(WHAT YOU WILL DO)
Below is a listing. Quote from it, exactly, the lines from the one containing "- Gần 1.000" down to the one containing "Vintage: PEQUE&Ntilde;O PLATITO", both ends included, and nothing else.

(DATA TO EXAMINE)
* * * * *
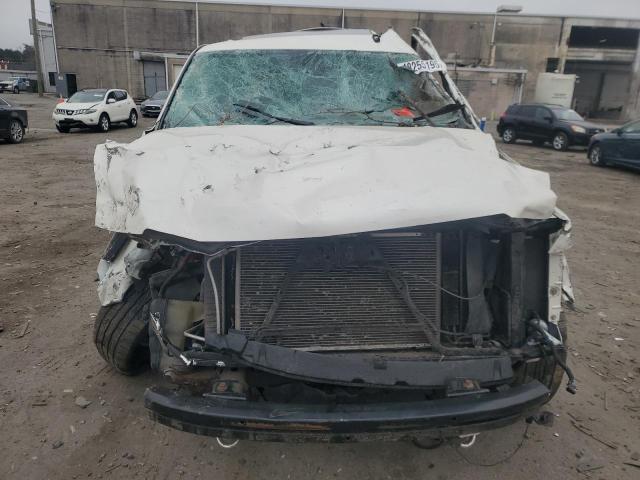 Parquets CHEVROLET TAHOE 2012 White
* * * * *
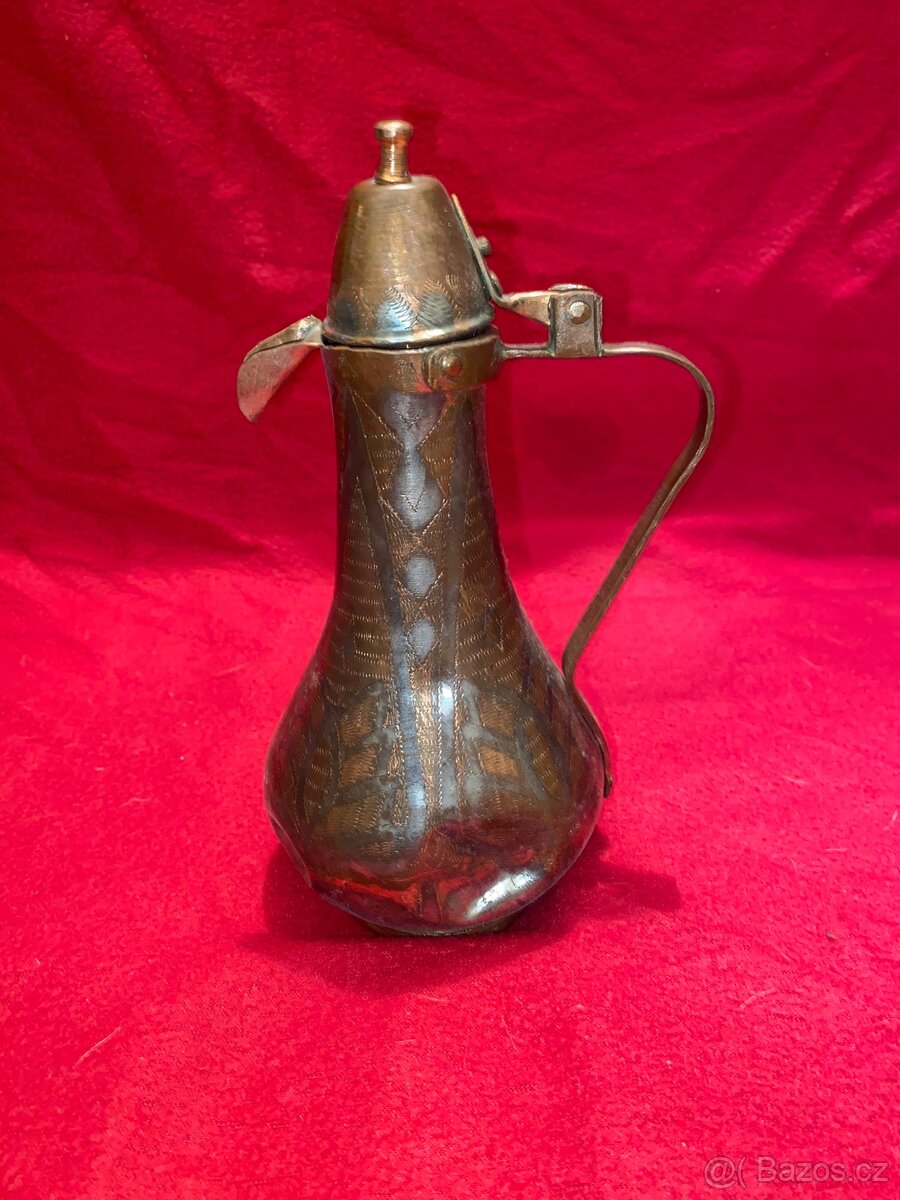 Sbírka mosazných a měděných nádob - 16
* * * * *
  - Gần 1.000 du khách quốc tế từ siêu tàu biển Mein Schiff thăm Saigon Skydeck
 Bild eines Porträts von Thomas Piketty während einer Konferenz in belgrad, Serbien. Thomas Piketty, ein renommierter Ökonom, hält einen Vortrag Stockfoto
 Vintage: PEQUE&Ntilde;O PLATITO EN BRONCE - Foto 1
* * * * *
(YOUR RESPONSE)
  - Gần 1.000 du khách quốc tế từ siêu tàu biển Mein Schiff thăm Saigon Skydeck
 Bild eines Porträts von Thomas Piketty während einer Konferenz in belgrad, Serbien. Thomas Piketty, ein renommierter Ökonom, hält einen Vortrag Stockfoto
 Vintage: PEQUE&Ntilde;O PLATITO EN BRONCE - Foto 1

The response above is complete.